A crooked shopkeeper who awarded himself a £20,000 refund by reversing debit payments made to a newspaper supplier has been jailed following an investigation by a specialist fraud squad at West Midlands Police.

Sri Lankan national Sivapiragasam Sellakkannan who ran several stores across Coventry – reclaimed the lump sum payment through his bank having claimed a financial dispute with Smiths News Trading Plc.

In February 2012, just days before the refund fraud, he changed his name to Krishnakumar Sivapragasam to dodge civil recovery action and managed to evade capture for more than two years.

But the 31-year-old was stopped by West Midlands Police officers in his Mercedes van on 8 March this year on the A38M en route to a wholesaler – and mobile fingerprint scanners revealed he was on the run.

He admitted defrauding Smiths News to the tune of £20,880.72 and another fraud in 2010 when he stole around £7,000 from money transfer company Western Union but skipped court on the eve of sentencing.

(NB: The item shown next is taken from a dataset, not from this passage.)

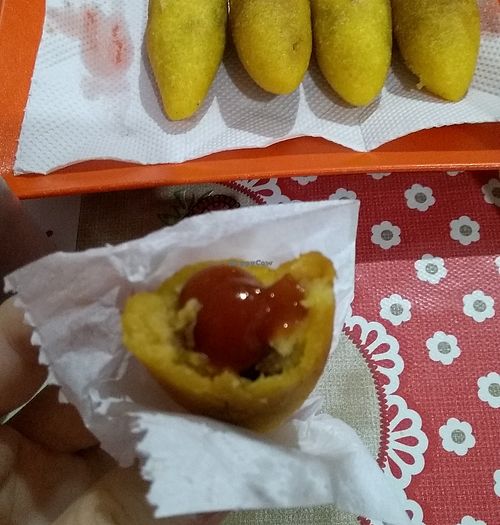 Além de delicioso, ele também é barato! at Tuta Lanches in Sao Jose Dos Campos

But at Birmingham Crown Court Sellakkannan, from Cheveral Avenue in Coventry, was jailed for a total of 23 months.

Investigating officer DC Chris Aldridge, from West Midlands Police’s Economic Crime Unit, said: “He changed his name three times via Deed Poll between 2010 and 2012; the supplier tried contacting him using the name Sellakkannan but drew a blank having not realised he officially had a new identity.

“In interview he tried claiming he was in dispute with the supplier and was due a refund of around £2,800 – but his bank said they would have to refund the total sum of his direct debit payments.

“In reality, though, this was a calculated fraud and one for which he’s now paid for by losing his liberty.”

Under the business name Coventry Convenience Stores Sellakkannan ran Lifestyle Extra, in Sunbury Road, Whitley; Nisa Local in Albany Road, Earlsdon; Day One Convenience Store in Keresley Road, Radford; and Hillfields takeaway Chicken Express in King William Street.

Smiths News began supplying papers and magazines to his Sunbury Road newsagents in 2009 and, in February 2012, received an application to transfer direct debit accounts to the name Krishnakumar Sivapiragasam.

Company accountants assumed the shop had changed hands – but on 6 March they got a BACS (Banking Automated Clearing Services) notification that two refund claims had been made by Coventry Convenience Stores totalling almost £21,000.

DC Aldridge, added: “Sellakkannan has been declared bankrupt and the money hasn’t been recovered. However, the supplier has placed a charge against his house through the Land Registry which means they can reclaim the cash should the house be sold.”